Today’s payments infrastructure is far from ideal for meeting global transactional needs. The current system was designed for high-value payments to be processed in batch, creating a lack of information exchange and often requiring manual intervention, meaning that each leg of settlement between correspondents creates risk, cost and delays in payments.

As a result of these technological limitations, more banks cannot efficiently service cross-border payments and are choosing to cease international services entirely. The Royal Bank of Scotland Group Plc (RBS) elected to exit transaction banking outside of the U.K. and Ireland due to the high cost of reforming its infrastructure and a lack of adequate returns. By deciding to opt-out, RBS must work with about 7,000 customers in 32 countries to find alternative banks before the end of the year.

RBS is one of many banks that has made the difficult decision to withdraw global payment services: according to a report by the Financial Stability Board, three-quarters of large banks surveyed have reduced their number of correspondent accounts in the last three years, with most local and regional banks also seeing a decline in access.
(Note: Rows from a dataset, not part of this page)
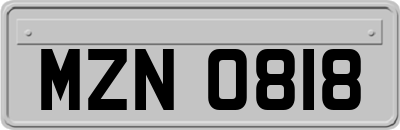 MZN0818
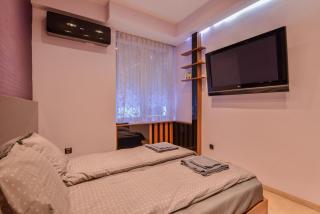 Extravaganzzo - Super Central One Bedroom Modern Apartment by Flat Mаnager - Sofia - 5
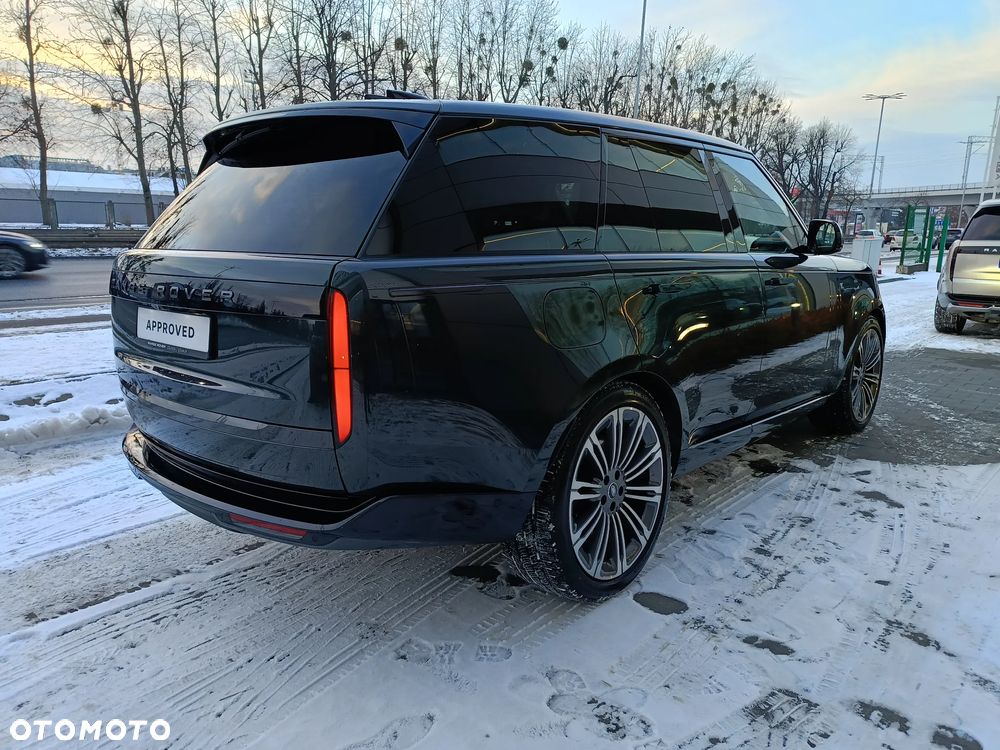 Land Rover Range Rover P530 Autobiography - 5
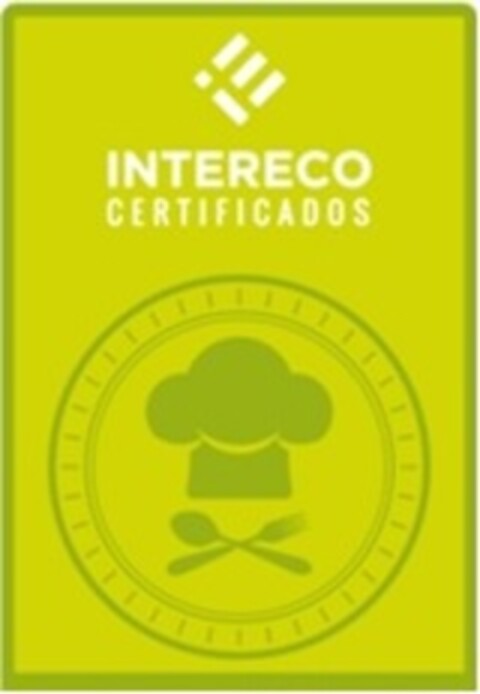 INTERECO CERTIFICADOS Logo (EUIPO, 10/11/2017)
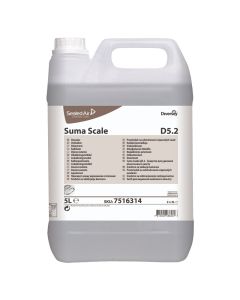 SUMA SCALE D5.2 2x5 LITRE KITCHEN UTENSIL DESCALER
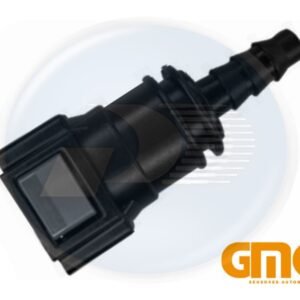 CONECTOR P/FILTRO COMBUSTIVEL RETO 3/8″ X 5/16″     CONECTOR RETO 5/16 X 1/4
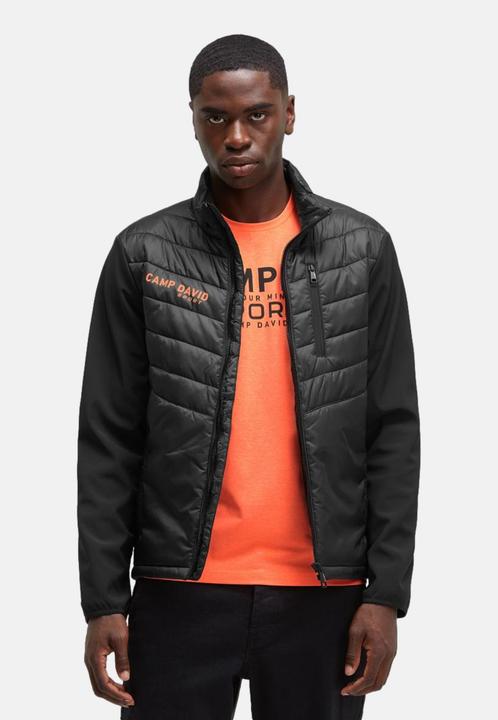Produktbild Camp David Jacke Keep Focused Softshelljacke (M)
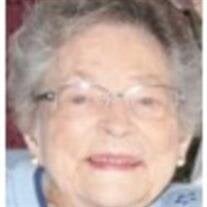 Sara Elizabeth Brown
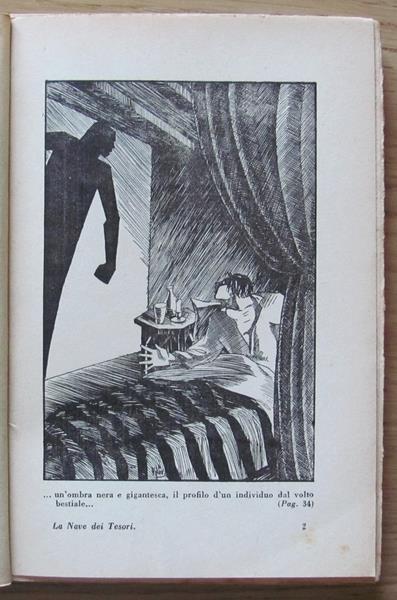 La Nave Dei Tesori. Avventure Di Mare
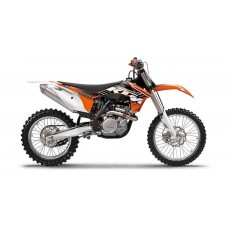 KTM 450 SX-F 2012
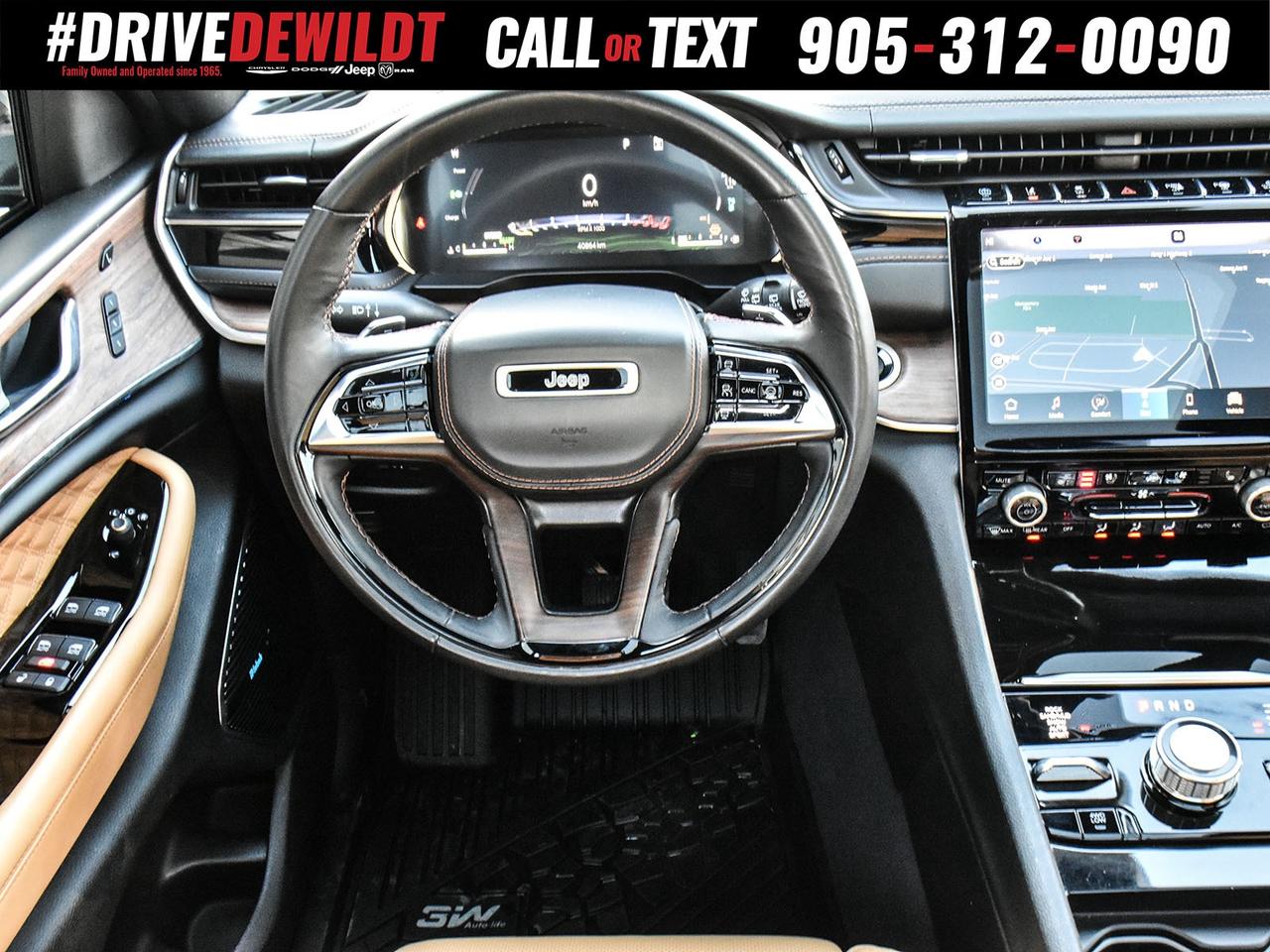 2023 Jeep Grand Cherokee 4xe 4XE SUMMIT   PROTECH GRP   LUX TECH GROUP Photo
A loss in correspondent banking services is detrimental to economic growth, as an increase in financial exclusion affects people in developing countries who rely on remittances as a key source of funds.

Industry experts agree that a better approach is needed to reinvent corresponding banking:

  • The Bank for International Settlements (BIS) states that cutting correspondent accounts further fragments cross-border payment networks and threatens the range of available banking services.
  • Global heads of transaction banking from Deutsche Bank, Standard Chartered Bank and Bank of America Merrill Lynch join other noted speakers to discuss the future of correspondent banking at the Sibos conference in Geneva next month.

Distributed financial technology, such as Ripple’s enterprise blockchain solution, interoperates payment networks to enable real-time cross-border payments, serving the global transaction needs of both institutions and their clients. It removes friction, lowers costs, increases automation and opens up new revenue opportunities while drastically improving customer experiences.